From 5 fewer Doritos to shrunken Gatorade bottles, here are the insidious ways companies are charging the same amount for less stuff
- Everyday products like Doritos and paper towels are experiencing "shrinkflation."
- The companies that makes these products are reducing the amount you get, but not lowering prices.
Perhaps more than any other economic concept, inflation is felt in real-time by everyone.
The cost of gas rises, as does the cost of most consumer goods, and you're reminded of that reality every day.
"Shrinkflation," however, offers companies a more insidious way to hide those rising costs from people.
Would you notice if, say, a bag of Doritos had five fewer chips? How about if your roll of Bounty paper towels contained a handful fewer sheets? The price is the same, of course, you just get less.
PepsiCo and Procter & Gamble are betting you won't.
Both companies, alongside dozens of others documented by Consumer World, have enacted "shrinkflation" on a variety of major consumer goods: Everything from Reese's Peanut Butter Cups to Gatorade to Charmin toilet paper.
Many of these size changes are subtle, like making candy bars sold in multipacks smaller than ones being sold individually, or changing the shape of their products so you can barely notice the difference in weight.
Gatorade, for instance, was given a sleek new bottle design alongside a decrease in volume from 32 to 28 ounces — a price jump of about 14% that most Gatorade drinkers probably didn't notice.
"Basically we redesigned the bottle," a PepsiCo representative told Quartz. "It's more aerodynamic and it's easier to grab. The redesign generates a new cost and the bottles are a little bit more expensive … this is only a matter of design."
Procter & Gamble-owned Charmin toilet paper also saw a reduction by about 20 sheets-per-roll — part of a decades-long reduction in toilet paper roll size, as tracked by Consumer World.
Rather than shrinking their products, public companies like PepsiCo have two other options when facing inflation: Raise prices, which could result in fewer sales, or accept lower profits on existing sales, which will assuredly upset shareholders.
Given the options, it's no surprise that so many choose shrinkflation.
Inflation, meanwhile, is on the rise faster than at any point in over 30 years.
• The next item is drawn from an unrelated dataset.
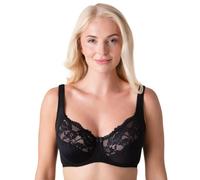 Camille Underwired Lace Full Cup Bra | Comfortable Women's Everyday Bra with Elegant Floral Lace Finish | Soft Comfort & Support | Full Coverage | Easy Back Closing | 34C Black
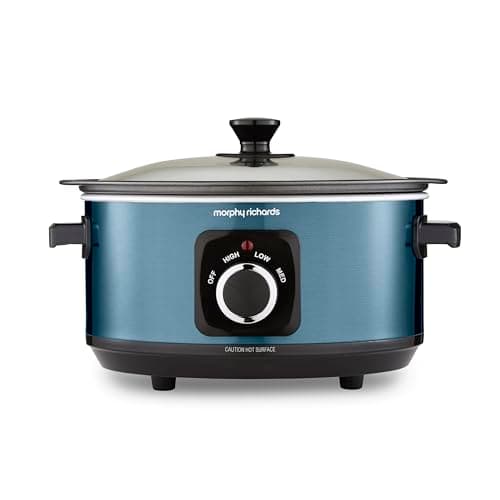 Image of Morphy Richards Accents 3.5L Sear & Stew Slow Cooker, Shatter Resistant Non Stick Aluminium Pot, Single Pot Cooking, Compact, 3 Heat Settings, Hob Proof, Glass Lid, Easy Clean, 163W, Blue, 460023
That's according to the Consumer Price Index, which the US Bureau of Labor Statistics uses to monitor inflation.
Rising labor costs and ingredients prices, combined with soaring demand and a shipping crisis, are among the many reasons for the ongoing inflation issues.
Broadly, the coronavirus pandemic continues to impact the global economy, and Russia's recent invasion of Ukraine has had a more recent impact on the global oil market due to Russia's role as an oil producer.
What this means for the average person, of course, is higher prices per gallon at the pump and less toilet paper for the same amount you used to pay.